If you have a Tumblr, if you like Youtube, if you love Facebook, or if you spend anytime on Internet at all, you should be afraid. All of these sites are in serious danger of deletion thanks to a bill called the Stop Online Piracy Act, or SOPA.

SOPA essentially gives copyright owners the power to remove any site that hosts unauthorized copyright if the offending material isn’t removed in 5 days. The user sharing the copyrighted content could face up to 5 years in jail.

Any possible website that lets it’s users share information can enable copyright infringement, which means that under this bill, private corporations would be able to target countless websites and shut them down. All of this can happen without a trial or hearing.

I’m not for Internet piracy, but this bill could potentially remove such a large number of websites that it begins to violate our first amendment right of free speech. Under current law, a copyright owner can remove the specific file or post containing copyrighted material, but SOPA would result in many law-abiding citizens losing the ability to freely communicate and express themselves.

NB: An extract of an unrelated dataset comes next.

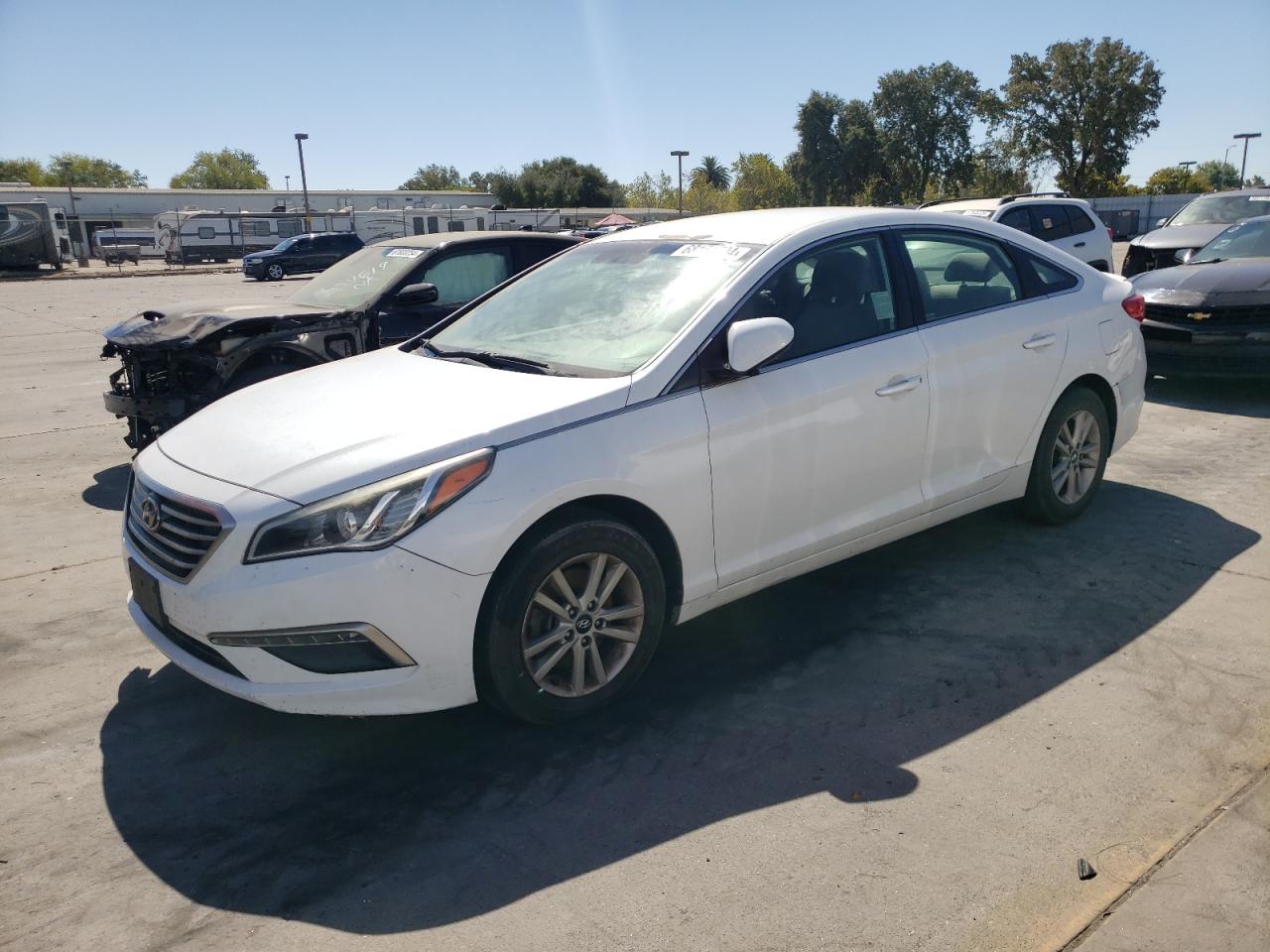 HYUNDAI Sonata 2015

Corporations would be destroying an entire new form of communication that has revolutionized the way that the world interacts because of some video clips that aren’t filling their already nicely-stuffed wallets.

And the reality is that the bill wouldn’t stop piracy, it would drive the criminals to bypass the abusive laws by creating an alternate, potentially sinister network that would be even harder to police and regulate. A group of 83 prominent Engineers recently sent an open letter to Congress explaining that the system of blocking websites by making their domain name unreachable would lead to disunity and a “network or errors and security problems”.

What does this mean for you? It means no more cute cat videos and no more chatting with friends. It means an Internet full of “errors and security problems” because one Youtube video had copyrighted music playing in the background. It means a broken Internet.